====== LISTED RECORDS

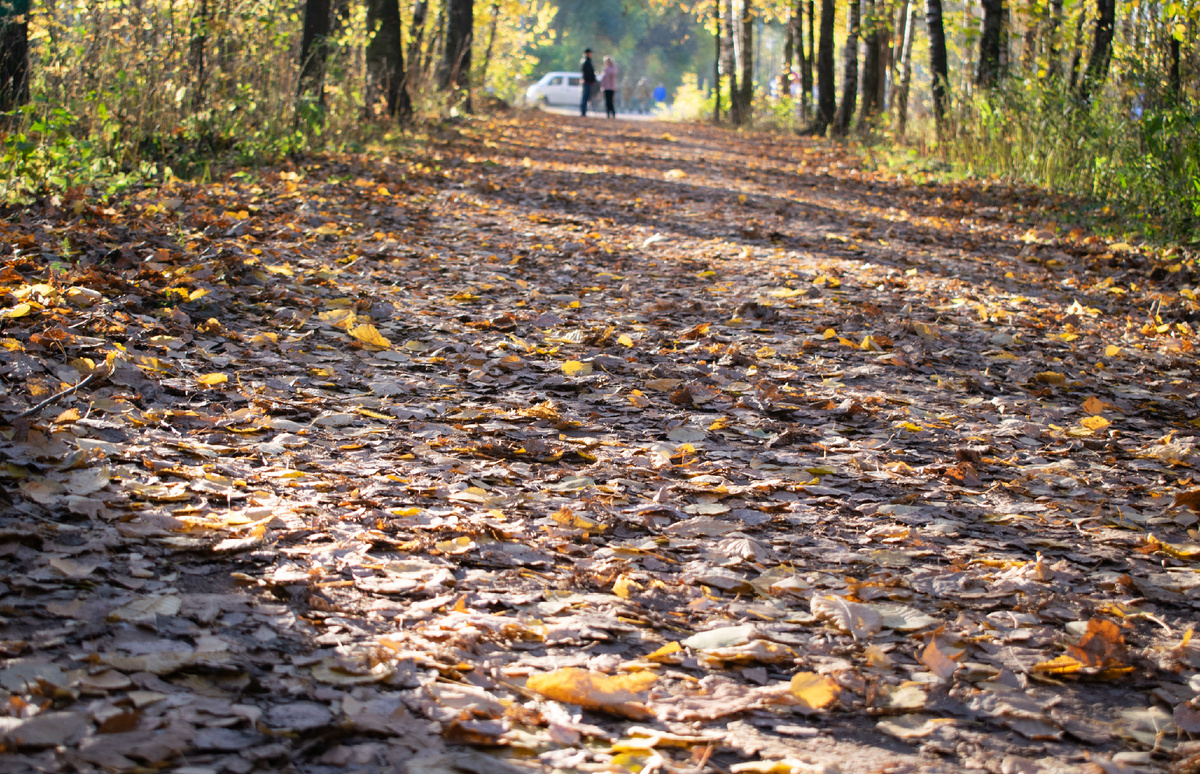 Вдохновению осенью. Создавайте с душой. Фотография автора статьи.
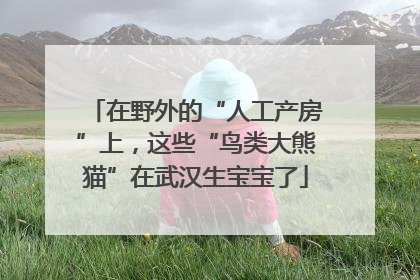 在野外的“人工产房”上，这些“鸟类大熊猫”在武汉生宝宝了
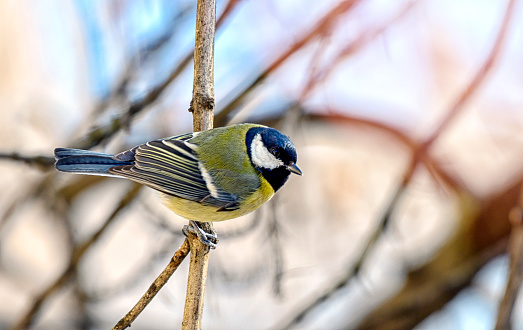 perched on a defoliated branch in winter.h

============
====== LISTED RECORDS

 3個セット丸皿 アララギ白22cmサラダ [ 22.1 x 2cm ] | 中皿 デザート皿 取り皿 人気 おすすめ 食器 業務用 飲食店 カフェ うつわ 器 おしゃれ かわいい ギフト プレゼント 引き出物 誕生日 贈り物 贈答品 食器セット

============

PROBLEM DESCRIPTION:
Produce an exact reproduction of the listing above, limited to the lines starting at the line with "Вдохновению осенью. Создавайте" and ending at the line with "perched on a defoliated branch in winter.h", both kept, with every picture left out.

RESULT BELOW:
 Вдохновению осенью. Создавайте с душой. Фотография автора статьи.
 在野外的“人工产房”上，这些“鸟类大熊猫”在武汉生宝宝了
 perched on a defoliated branch in winter.h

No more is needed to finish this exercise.